Nov. 25, 2009 - Issue #736: Poster Boys
Dyer Straight
reuniting Cyprus
It's over; Reuniting Cyprus not going to happen
The window of opportunity actually slammed shut in 2004, when
Greek-Cypriot voters overwhelmingly rejected a United Nations plan to reunite
the divided island of Cyprus. A week later the Greek-Cypriot government was
allowed to join the European Union anyway, while the Turkish-Cypriots, who
had voted in favour of the reunification plan, were frozen out. But some
people just won't give up.
A year ago, with new leadership on both sides, the Greek- and
Turkish-Cypriots embarked on another round of talks aimed at reunifying the
island. As late as this September, Alexander Downer, the UN
secretary-general's special adviser on Cyprus, said that "what you have here
are two leaders who are very committed to a successful outcome." But good
intentions are not enough.
Dimitris Christofias, the Greek-Cypriot president, and Mehmet Ali Talat, his
Turkish-Cypriot counterpart, are old friends, and they both genuinely want to
put the country back together, but they have made little progress and after
fifty meetings time is running out. There will be elections in the "Turkish
Republic of Northern Cyprus" (TRNC) in April, and the new president there is
likely to be hostile to reunification.
Last time, in 2004, it was the Greek-Cypriot president who persuaded the
voters on his side of dividing line to reject the UN proposal. There are
bound to be times when one side or the other is led by somebody who wants to
die in the last ditch. But there are also bound to be intervals, like the
present one, when the leaders on both sides are in favour of
unification.
So why talk of windows of opportunity shutting? Even if it doesn’t
happen now, surely it will happen sooner or later. Alas, not
necessarily.
Geopolitical realities normally change as slowly as the continents drift, but
the tectonic plates are now moving fast in the eastern Mediterranean. The
chance of Turkey ever joining the European Community is now shrinking rapidly
towards zero—and without the incentive of that goal, why would Ankara
ever force the Turkish population of North Cyprus back into a union with the
Greek-dominated "Republic of Cyprus"?
The current obstacle to EU membership for Turkey, which first applied to join
22 years ago and has been an official candidate for the past decade, is
the opposition of the German, Austrian and French governments. They are all
conservative governments that believe a Muslim-majority country has no place
in what they still see as a "Christian" Europe.

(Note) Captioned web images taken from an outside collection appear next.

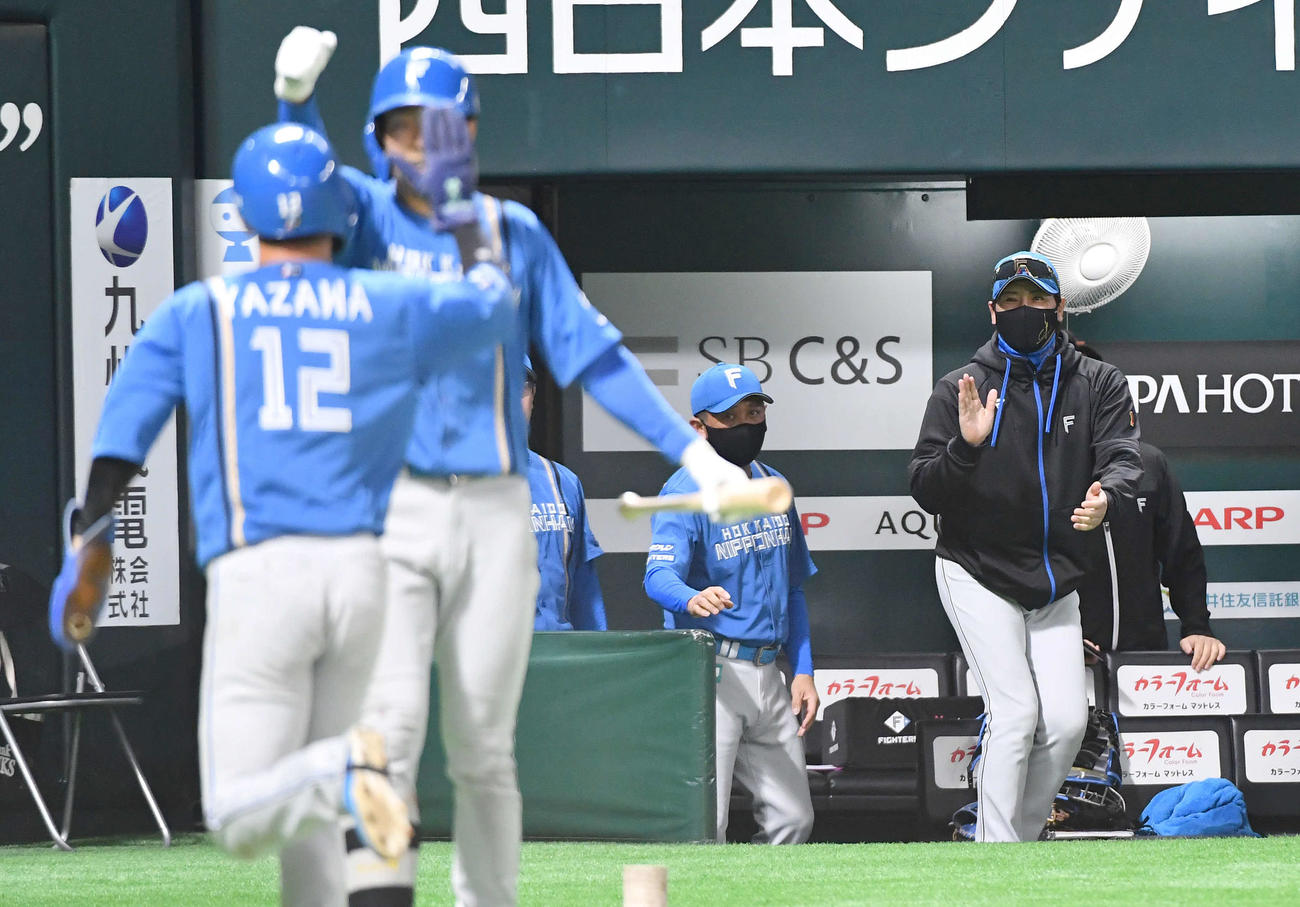 ソフトバンク対日本ハム　8回表日本ハム1死二、三塁、五十幡の二野選の間に三塁走者の矢沢（左端）が勝ち越しの生還を決め、笑顔でベンチを出る新庄監督（撮影・岩下翔太）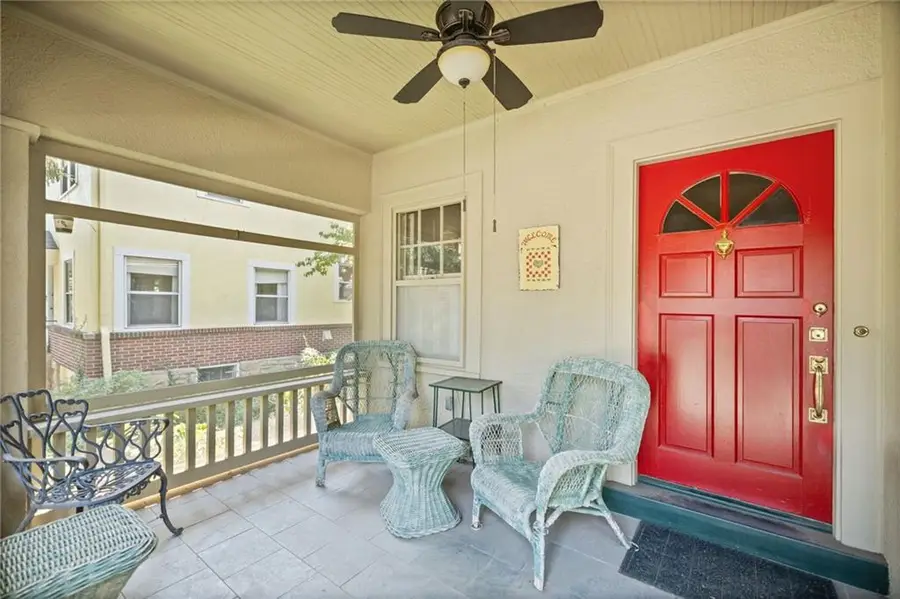 5532 Central Street, Kansas City, MO 64113 - #2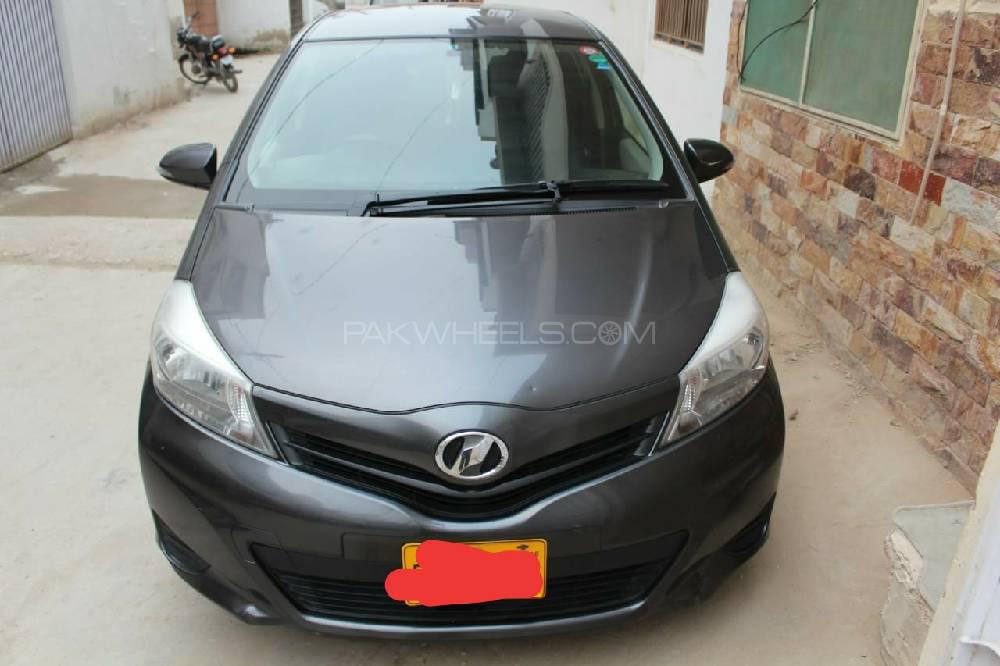 Toyota Vitz 2013 for Sale in Hyderabad Image-1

That is ugly nonsense, but not necessarily a deal-breaker: those governments
will probably be replaced one day by others that take a more relaxed view of
religious differences. After all, a clear majority of EU citizens are not
interested in religion at all. Greece and the Republic of Cyprus would also
veto Turkish membership today, but a deal between the two Cypriot communities
would obviously remove that roadblock.
If anti-Muslim prejudice were the only obstacle to Turkey's entry, then it
could still become a EU member one of these days, but the tectonic shift is
not driven by whoever is in power today in Paris, Berlin or Vienna. It is
driven by a growing concern in the EU that global warming is going to
generate huge numbers of desperate refugees in Africa and the Middle
East—"climate refugees" who will end up trying to get into
Europe.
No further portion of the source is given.